闘病記を書いている最中ではあるが、先週末の記録を残しておきたい。
記事間における時系列のズレより、その時の思いを優先しようと判断した。
2022年9月23日
この日は午前中から妻の一周忌法要を執り行った。
時世や個々人の都合もあり、家族内で少人数での開催となった。
苦手な早起きをして集合時間の30分以上前には最寄り駅に到着した。
珍しく忘れ物はしなかった。
妻が褒めてくれたような気がした。
朝ごはんを食べてから家を出たが、低血糖気味でフラフラしていたのでしていたので2回目の朝食をローソンで済ませた。

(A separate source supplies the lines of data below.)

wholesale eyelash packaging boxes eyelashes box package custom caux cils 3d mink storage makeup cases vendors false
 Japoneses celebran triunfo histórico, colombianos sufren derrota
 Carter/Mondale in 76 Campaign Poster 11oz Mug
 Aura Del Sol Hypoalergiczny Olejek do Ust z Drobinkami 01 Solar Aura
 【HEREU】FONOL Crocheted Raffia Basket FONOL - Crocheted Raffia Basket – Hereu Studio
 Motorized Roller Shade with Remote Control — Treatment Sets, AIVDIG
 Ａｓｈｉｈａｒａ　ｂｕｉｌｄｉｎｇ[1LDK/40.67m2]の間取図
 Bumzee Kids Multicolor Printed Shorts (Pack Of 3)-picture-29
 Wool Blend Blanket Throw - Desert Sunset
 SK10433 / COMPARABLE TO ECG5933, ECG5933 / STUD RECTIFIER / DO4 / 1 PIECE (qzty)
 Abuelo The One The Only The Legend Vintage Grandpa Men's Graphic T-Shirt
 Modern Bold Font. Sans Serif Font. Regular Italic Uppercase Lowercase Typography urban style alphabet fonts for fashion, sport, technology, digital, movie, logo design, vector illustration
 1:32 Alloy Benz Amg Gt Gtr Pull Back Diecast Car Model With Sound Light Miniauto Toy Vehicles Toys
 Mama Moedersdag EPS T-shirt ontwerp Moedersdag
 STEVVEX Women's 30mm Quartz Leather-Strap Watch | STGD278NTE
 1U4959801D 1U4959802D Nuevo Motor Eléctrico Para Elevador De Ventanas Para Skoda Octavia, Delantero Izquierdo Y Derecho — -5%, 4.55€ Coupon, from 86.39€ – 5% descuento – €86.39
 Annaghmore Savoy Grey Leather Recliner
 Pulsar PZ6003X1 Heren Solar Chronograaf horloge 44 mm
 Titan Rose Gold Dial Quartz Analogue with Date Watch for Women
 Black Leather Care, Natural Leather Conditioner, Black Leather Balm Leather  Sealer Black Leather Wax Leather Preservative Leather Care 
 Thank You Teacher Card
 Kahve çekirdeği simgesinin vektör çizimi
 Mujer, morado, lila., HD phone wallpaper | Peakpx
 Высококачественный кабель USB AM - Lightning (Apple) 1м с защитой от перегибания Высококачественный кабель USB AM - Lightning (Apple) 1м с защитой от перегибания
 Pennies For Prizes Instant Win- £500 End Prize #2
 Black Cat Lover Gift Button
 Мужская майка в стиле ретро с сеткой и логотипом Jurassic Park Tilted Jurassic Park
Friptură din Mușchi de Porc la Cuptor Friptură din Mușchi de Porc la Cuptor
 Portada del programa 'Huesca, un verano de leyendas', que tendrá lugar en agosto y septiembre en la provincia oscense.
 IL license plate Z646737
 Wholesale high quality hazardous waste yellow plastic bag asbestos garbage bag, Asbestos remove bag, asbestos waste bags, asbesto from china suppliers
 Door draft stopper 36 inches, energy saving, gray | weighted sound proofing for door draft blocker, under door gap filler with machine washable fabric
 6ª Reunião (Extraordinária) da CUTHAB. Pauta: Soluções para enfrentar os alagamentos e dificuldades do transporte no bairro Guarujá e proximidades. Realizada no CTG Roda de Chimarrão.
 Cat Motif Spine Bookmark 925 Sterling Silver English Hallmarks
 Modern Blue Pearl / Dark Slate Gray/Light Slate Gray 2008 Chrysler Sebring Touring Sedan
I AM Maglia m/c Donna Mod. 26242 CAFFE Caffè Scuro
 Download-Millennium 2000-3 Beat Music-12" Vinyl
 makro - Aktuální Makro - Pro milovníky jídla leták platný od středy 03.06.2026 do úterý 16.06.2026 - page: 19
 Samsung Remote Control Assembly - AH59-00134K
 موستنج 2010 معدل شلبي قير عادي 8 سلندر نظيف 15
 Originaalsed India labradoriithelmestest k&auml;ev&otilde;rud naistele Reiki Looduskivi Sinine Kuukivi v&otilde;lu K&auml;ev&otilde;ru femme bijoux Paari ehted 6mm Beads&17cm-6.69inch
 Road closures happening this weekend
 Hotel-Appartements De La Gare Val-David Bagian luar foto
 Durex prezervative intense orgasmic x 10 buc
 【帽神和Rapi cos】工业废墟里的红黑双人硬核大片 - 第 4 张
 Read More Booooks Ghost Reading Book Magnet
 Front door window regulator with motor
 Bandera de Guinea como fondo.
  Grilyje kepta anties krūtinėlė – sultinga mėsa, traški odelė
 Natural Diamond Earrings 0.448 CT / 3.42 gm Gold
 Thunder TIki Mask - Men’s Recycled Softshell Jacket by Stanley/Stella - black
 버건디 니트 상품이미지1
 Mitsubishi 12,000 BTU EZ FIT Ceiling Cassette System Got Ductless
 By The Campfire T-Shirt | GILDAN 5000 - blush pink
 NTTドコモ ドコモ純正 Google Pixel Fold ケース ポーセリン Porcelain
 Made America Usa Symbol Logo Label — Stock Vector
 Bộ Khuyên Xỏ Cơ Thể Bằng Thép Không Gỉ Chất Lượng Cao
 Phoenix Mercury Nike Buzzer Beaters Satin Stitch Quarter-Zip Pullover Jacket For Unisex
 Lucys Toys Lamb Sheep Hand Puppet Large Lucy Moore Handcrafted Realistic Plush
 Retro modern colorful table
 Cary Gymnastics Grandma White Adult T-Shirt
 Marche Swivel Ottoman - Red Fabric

かっちりした服を着るとこの現象になりやすい気がしている。
喪服を着ることにも慣れてしまったなと独りごちる。
結婚当時、喪服を持ち合わせておらず、結婚してすぐのタイミングで予定されていた妻の親戚の法要に合わせて作った。
妻に薦められていった宮益坂のAOKI。
今はもう閉店したようだ。
その喪服を2回目に着たのは妻の葬式だった。
皮肉な現実だけど、現実は現実。
ただの事実。
そのことに対しては深く考える必要はない。
待合室で親戚と合流する。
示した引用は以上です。